Шопенгауэр в своем труде «Мир как воля и
представление» (1819) считает музыку прямым отражением мировой воли,
объективацией «вещи в себе», выражением сокровенной глубины человеческого
существа. Он подчеркивает независимость музыки от мира явлений, говорит о
непосредственном выражении музыкой квинтэссенции жизни и её процессов.
Музыкальное представление он мыслит как копию оригинала (мировой воли), который
непосредственно не может быть представлен[10].
Реальный смысл положений Шопенгауэра в том, что
касается музыки, – отрицание понятийного содержания этого вида искусства,
констатация беспредметного характера его образности, утверждение специфически
музыкальной формы отражения действительности. Он абсолютизирует
бессознательный, интуитивный характер композиторского творчества, подчеркивает
абстрактно общечеловеческую, внеисторическую сущность музыки. Для Шопенгауэра
слово и драматическое действие являются внешними по отношению к музыке
элементами, которая, по его мнению, не может выражать никаких идей, поскольку
ей полностью чужды какие бы то ни было утилитарные цели.
Еще дальше идет Э. Ханслик в своём трактате «О
музыкально-прекрасном». Исходя из принципиально верного положения о том, что
при анализе музыкального произведения нужно опираться на реально звучащий
материал, а не на впечатление от конкретного сочинения, он, по существу,
отрицает не только способность музыки
раскрывать какое-либо вне музыки лежащее предметное содержание, но
отказывает ей даже в выражении чувств. Эстетическое восприятие этого вида
искусства Ханслик сводит к беспредметному созерцанию "чистых"
движущихся форм.
При всей радикальности теоретических положений Э.
Ханслика (впрочем, яркого и авторитетного музыкального критика) реальный смысл
и цель его работы состояли в попытке обосновать специфику музыкального
искусства. Выступая против изображения чувств, против навязывания музыке
внемузыкальных значений, он признавал за ней духовное достоинство, её
способность воздействовать на фантазию человека.
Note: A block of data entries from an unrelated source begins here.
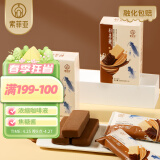 索菲亚冰淇淋 初春鲤焦糖拿铁口味巧克力冰激凌雪糕商超版 50g*4支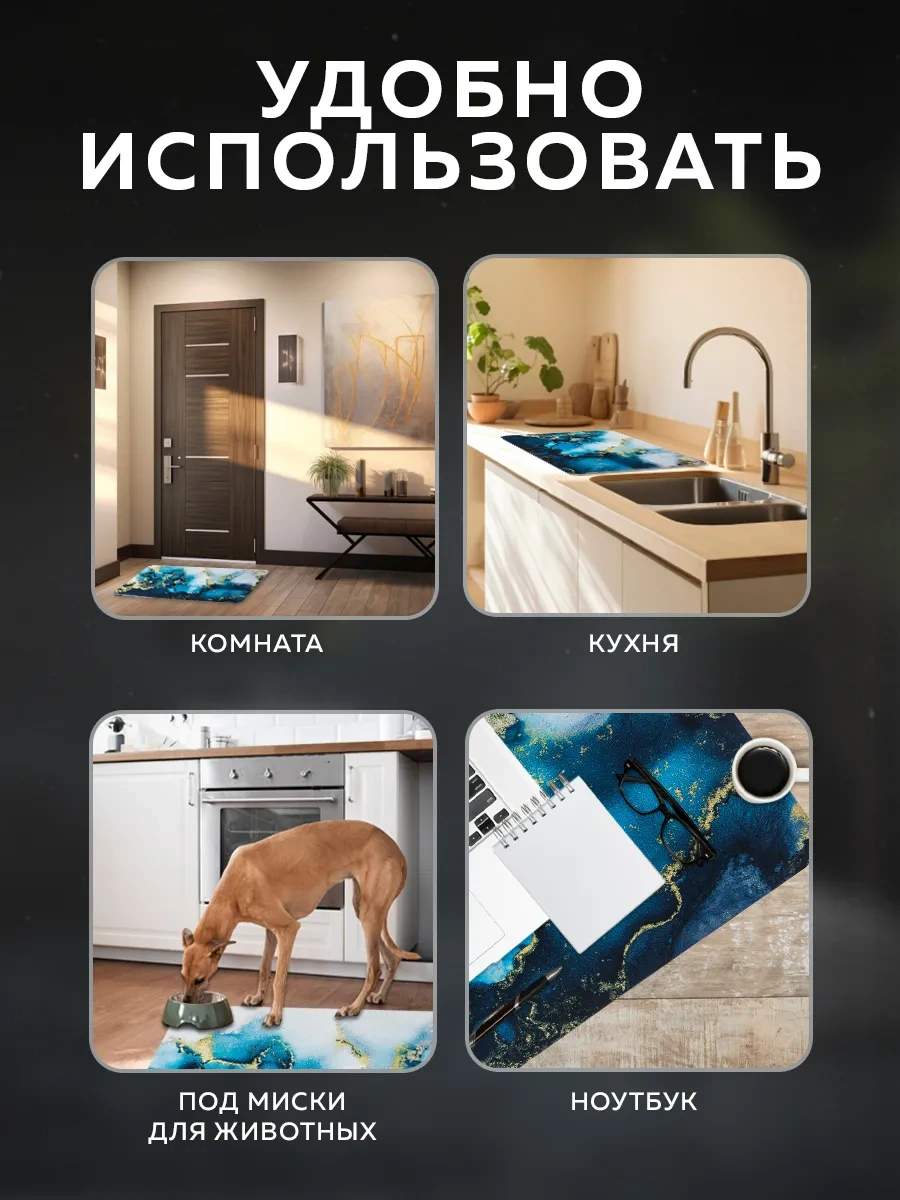 Rıdberg Home Kaymaz Banyo Ve Tuvalet Paspası 372697854 Siyah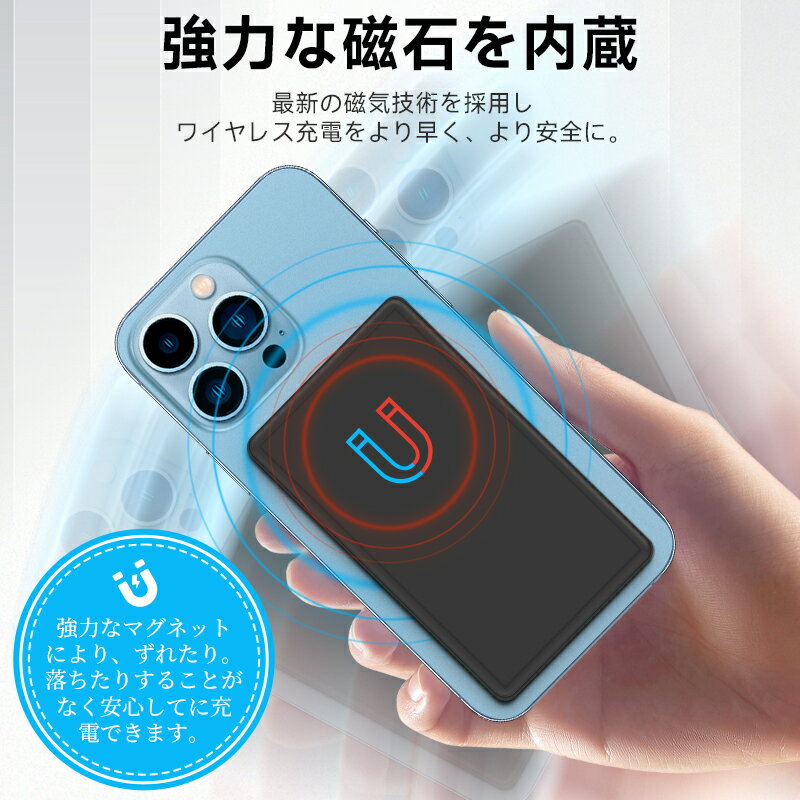 磁気式 モバイルバッテリー 5000mAh ワイヤレス MagSafe対応 送料無料【マグネット式/iPhone&iWatch同時充電/15W Type-Cポート/小型 】大容量 USB-Cポート急速充電 携帯バッテリー 小型 スマホ充電器 LED残量表示 iPhone 13 / 13 Mini / 13 Pro / 13 Pro/iWatch対応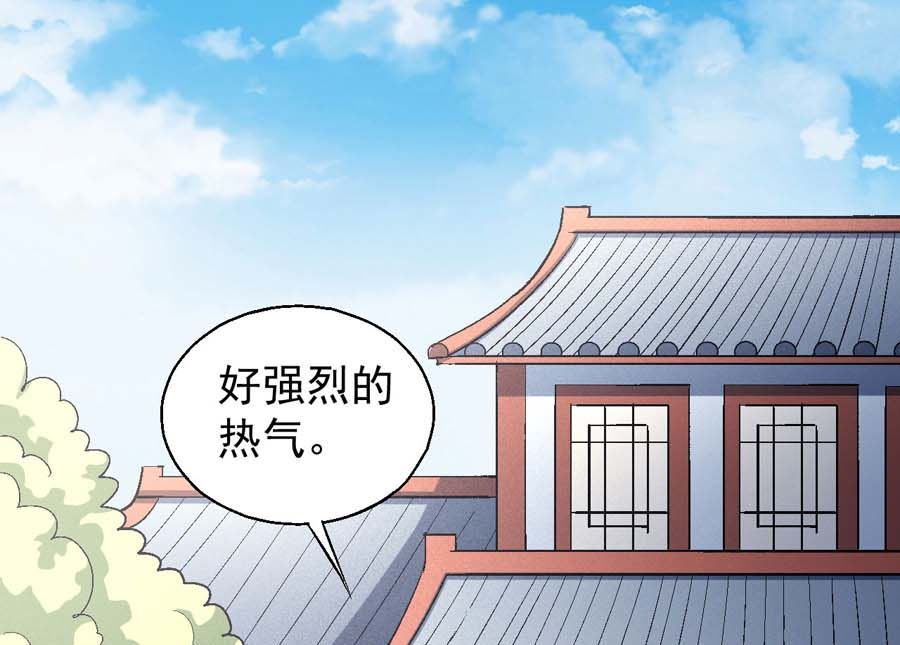 《绝世武神》漫画最新章节第154话 大日焚天经（3）免费下拉式在线观看章节第【4】张图片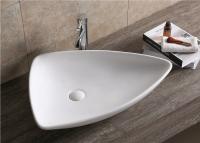 Раковина накладная 69х37 Cerutti SPA CR7014 СТ9576 Раковина накладная 69х37 Cerutti SPA CR7014 СТ9576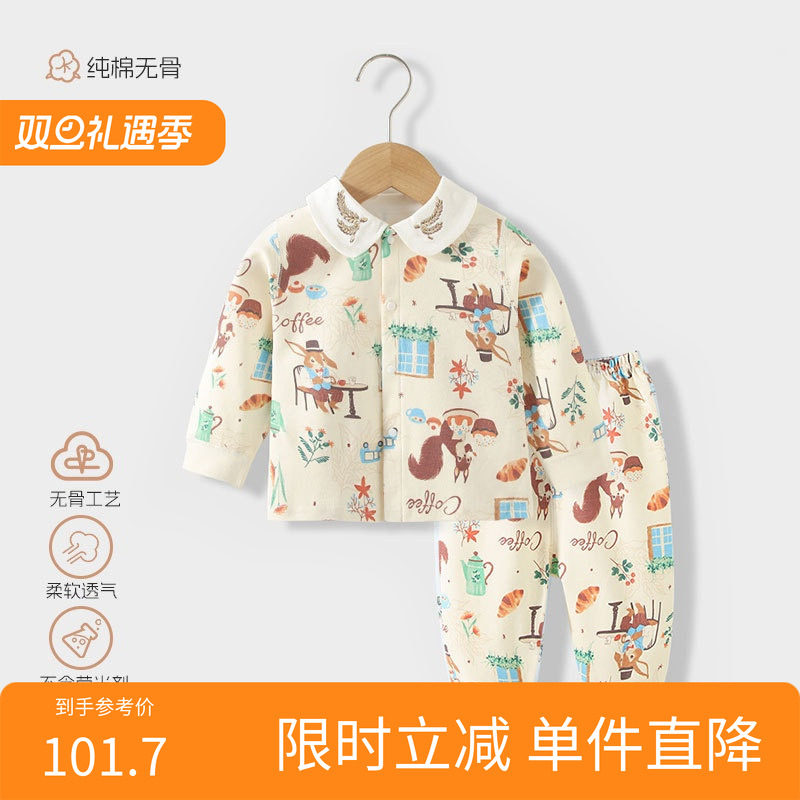 宝宝秋衣秋裤全棉A类春秋宝宝婴幼儿分体衣服睡衣家居服内衣套装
Работа Ханслика явилась
реакцией на современную ему тенденцию растворения музыки в романтическом
синтезе искусств, на претензии создателей программного романтического искусства
раскрывать литературное, живописное и иного рода внемузыкальное содержание.
Именно поэтому ученый строго очерчивает границы собственно музыкального,
выступает принципиальным сторонником чистого инструментализма. Он с издёвкой
пишет о теории аффектов, вплоть до своей поздней работы (Am Ende des Jahrhunderts. В., 1899[11]) он оценивает как антихудожественные и даже
смехотворные программные произведения Римского-Корсакова, Балакирева, Венсана
д`Энди и Р. Штрауса[12].
Абсолютизируя классицистские творческие установки, не принимая произведений
Листа и Вагнера, Ханслик, естественно, навлек на себя резкую критику своих
противников, среди которых были друг его юности А.В. Амброс и русский
музыкальный критик А. Серов. Но по прошествии многих лет (по крайней мере,
вплоть до 1891 года, когда он писал Предисловие к 8-му изданию своего труда)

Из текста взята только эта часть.